The ‘step by step’ approach advocated by the P-3 could be useful inasmuch as it creates the prospect of feedback loops to help assess progress, to ensure that we don’t stubbornly adhere to a policy that has been found to undermine the very goals it seeks to achieve. But in a UN context, step-by-step is more often a formula for institutional and diplomatic inertia, a systemic failure to match urgency with initiative.   We should avoid as much as we are able recklessness in our movements, but global events compel us to move.  Global citizens beg us to move. Apparently, Paper Smart misplaced that memo.

When we as a collective body cannot figure out how to push forward on urgent matters threatening the planet, the odds are that mixed motives are in play.   They were in play as the post-2015 negotiating sessions moved forward on a final text.  They were in play as Lithuania tried to ‘herd cats’ towards an agreement on small arms that generated some suspicion but avoided direct opposition.  They were certainly in play in the NPT as states – especially the P-5 — once again asserted the primacy of their own security interests over the increasingly clear and compelling disarmament interests of the global public.

The lessons for the week are as mixed as the outcomes.   Despite the fussing, the GA president will get a set of development goals and objectives to present to heads of state.  Moreover, the process will come attached to metrics and mechanisms for assessment and funding that can help us honor commitments made to end poverty, heal the planet, unleash the talents of women and indigenous people, and much more.

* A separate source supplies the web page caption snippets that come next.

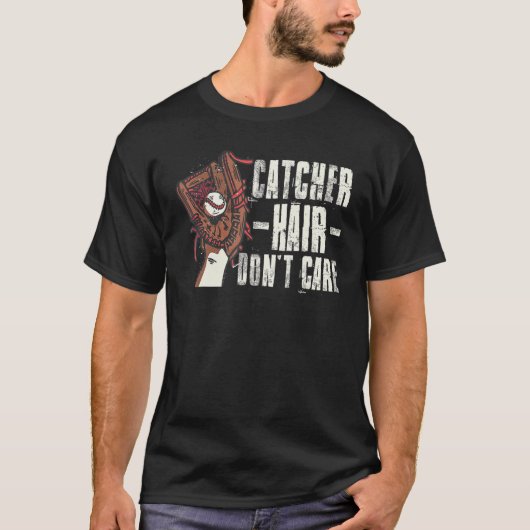 キャッチャーの髪なんて気にしない Tシャツ (正面)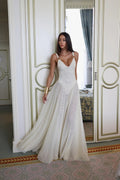 Deep V-Neck Semi-Sheer Mesh Maxi Dress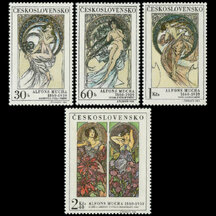 Series of Stamps Czechoslovakia 1969 - Art of A. Mucha
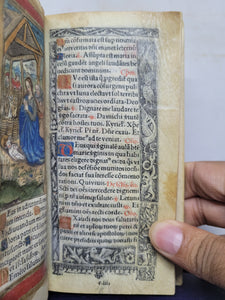 Hore itemerate dei genitricis virginis marie, secundum vsum ecclesie Romane  totaliter , 1511. Extremely Scarce Illuminated Books of Hours Printed on Vellum in Oblong Format, With 4 Large Miniatures, 5 Smaller Figures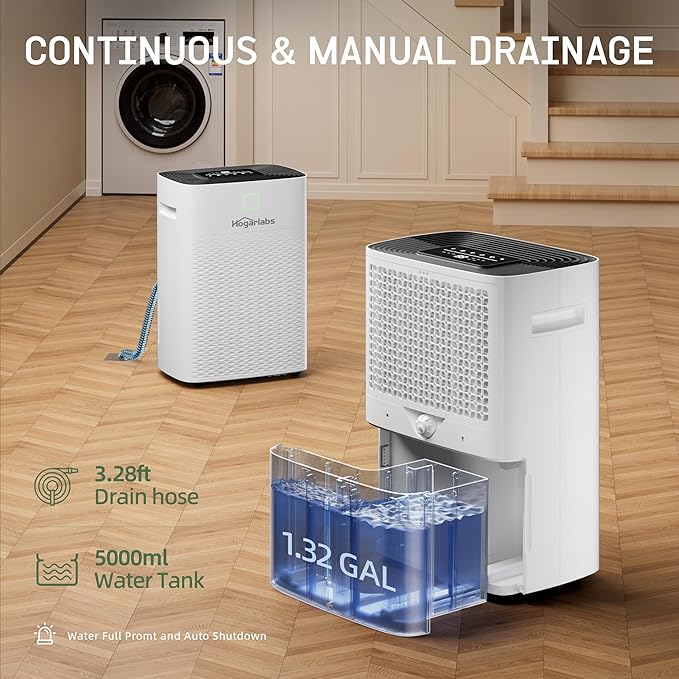 100 Pints Dehumidifier for Basement Home, Smart Silent Dehumidifier - Image 3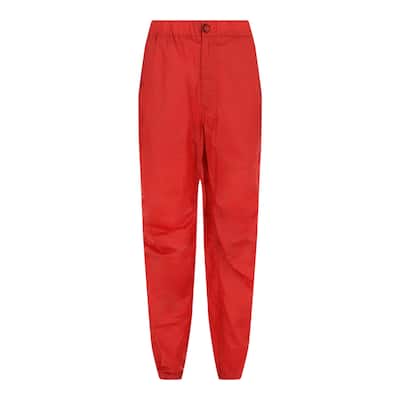 Ferragamo Coated Drawstring Straight-Leg Pants, , - Red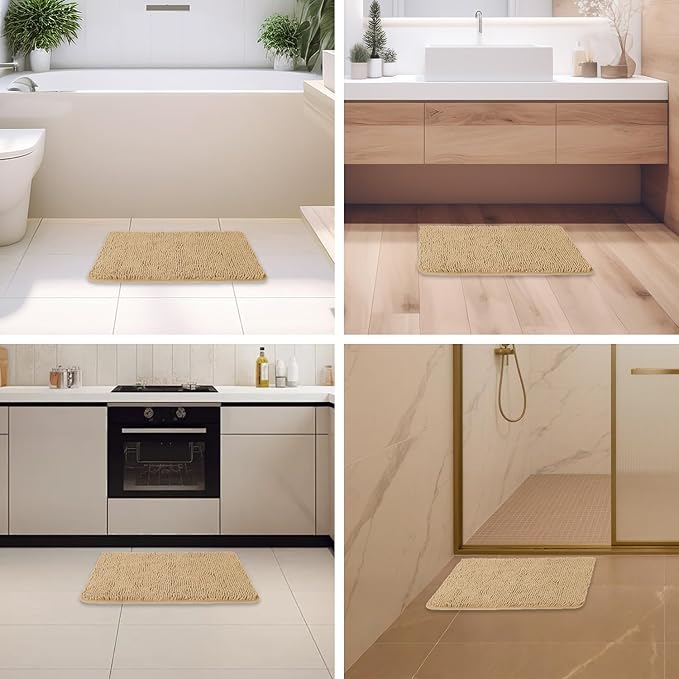 Beige Bathroom Rugs – Absorbent and Washable Bath Mat, Non-Slip, Thick Soft Chenille Bath Rugs for Bathroom Floor, Shower, Sink - 17" x 24"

On small arms, Lithuania’s resolution adds good value, specifically in its gender referencing, more effective sanctions,and unusually warm and supportive regard for the parts of the UN system already tasked with many important activities related to small arms flows.   What role the heavily-referenced Arms Trade Treaty will play remains to be seen, though delegations are urged to revisit some of its intrinsic limitations – some significant– that will require a great deal of complementary work from other disarmament stakeholders if we are indeed serious about controlling arms flows.

On nuclear weapons, despite the contention of some states and NGOs of a “humanitarian tidal wave” that will overcome the objections of stiff-necked nuclear weapons powers, we are still in need of combined and multiple strategies that not only link legal, political, moral and humanitarian advocates but that create venues for discourse that are broad and kind, and that help widen circles of concern far beyond what the nuclear disarmament field has achieved to date.  We have our doubts about these possibilities, but also trust many of the diplomats and NGOs seeking to ensure security based on the least possible levels of armament.

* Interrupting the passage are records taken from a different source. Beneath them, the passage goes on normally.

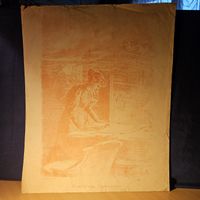 Antike Lithographie "Fliegende Gedanken" - Rarität!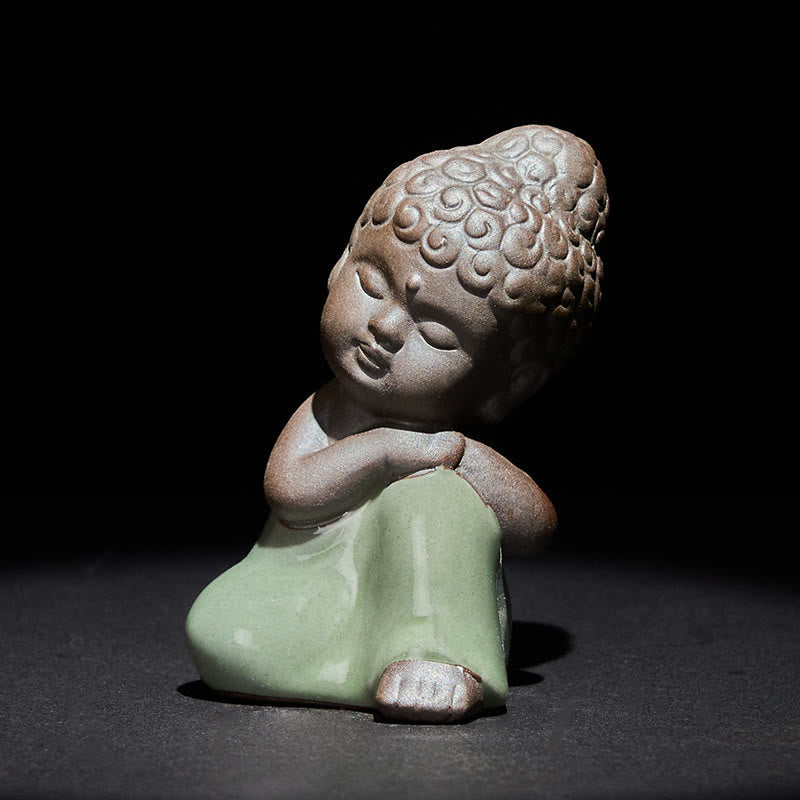 Nimara Ritual Prayer Meditation Resting Monk Ceramic Statue Serenity Home Decoration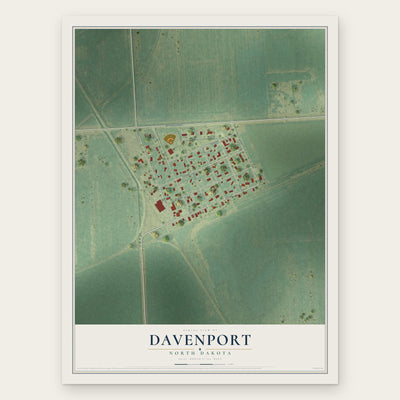 Davenport, North Dakota map print, the full design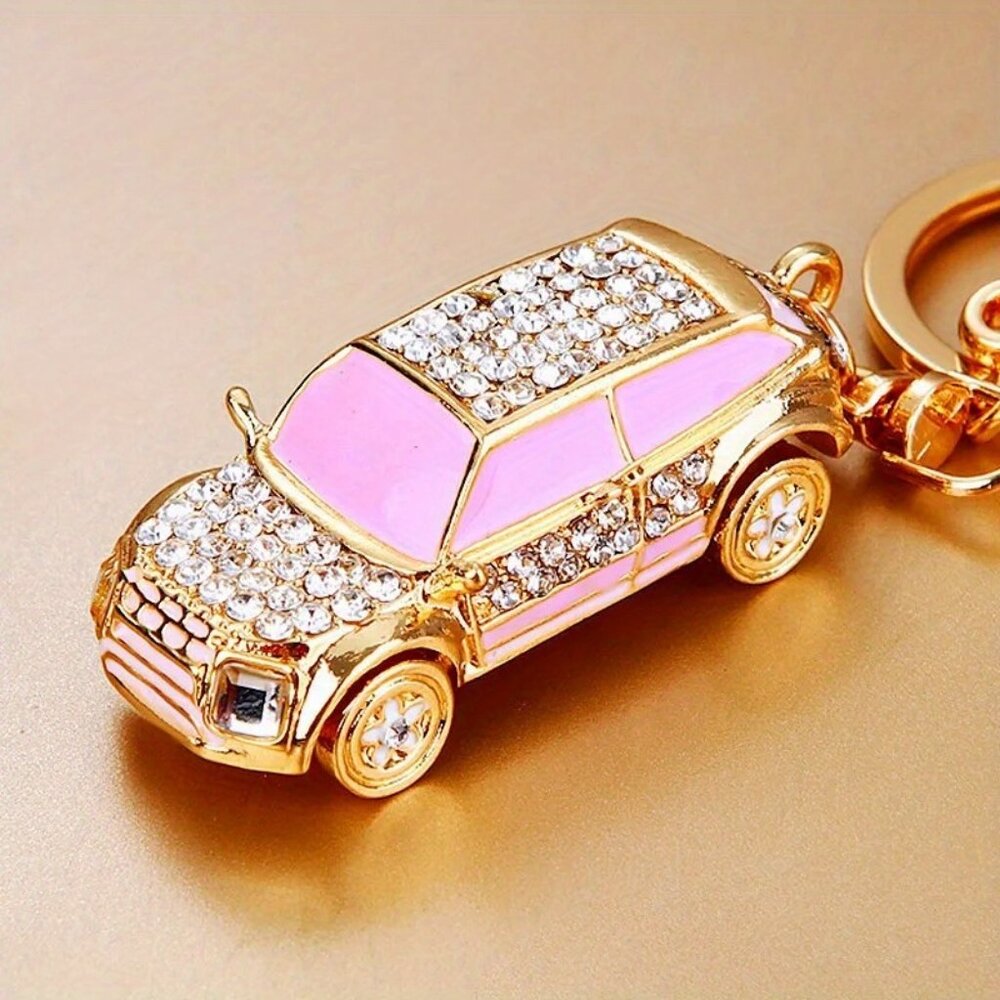 Pink Bedazzled SUV Bag Charm Keychain with Lock - Picture 1 of 1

What is probably not in doubt, however, is that a week of sometimes head-scratching objections, half-measures and outright disrespect has not raised levels of public endearment regarding the UN system.  We wasted vast quantities of time, energy and money of diplomats and NGOs; we insulted the honor and dignity of our political friends and opponents; we failed to match the urgency of our analysis with commensurate remedial measures.

We all need a bit of rest and then return to the UN ‘armed’ with more roses and fewer weapons, ready to do better than “mixed messaging” to persons facing security threats and development deficits who need more from us than we have so far been able to provide.